New Translation Tuesday: When the First Language Is Not English

"New Translation Tuesday" greetings from the home office here in Franklin Park, Illinois on a cool and crisp Spring morning.



This past weekend I attended Mass with my parents at their parish in the suburbs of Boston. The celebrant was of Hispanic descent and he did speak with an accent. He was extremely deliberate with the prayers from the Missal. Because of his deliberate approach, I found myself even more attentive to the newly translated words than I usually am. There were some phrases that I simply lost, due partly to his accent and partly to the awkward construction of the prayers.

My parents, who are well into their seventies, told me that they usually try to sit in a different location in their church to better hear this particular celebrant.

Since the advent of the new translation, this was my first experience of attending Mass with a celebrant whose first language is not English.

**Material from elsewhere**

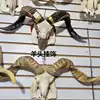 Sheep's head hanging Mongolian characteristic craft Natural sheep horn bone product decoration Pure sheep's head bone specimen decoration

I was wondering what your own experience of this kind of situation has been. Feel free to share your comments by clicking the comments area below.

Gotta sing. Gotta pray.

2 comments:

jdonliturgy said...

One of our priests was born in Mexico - he and my "Anglo" pastor alternate who does English and Spanish Masses. While I can tell that Father practices, it is also evident that often he is not quite sure what the prayers are saying. He was doing very well with English Mass until we started the new Missal. Now, it is as if the "spark" is out of his delivery of the orations, and it is more word by word.

Jeff Rexhausen said...

And this is someone whose native tongue is more closely derived from the Latin that the new translation seeks to emulate.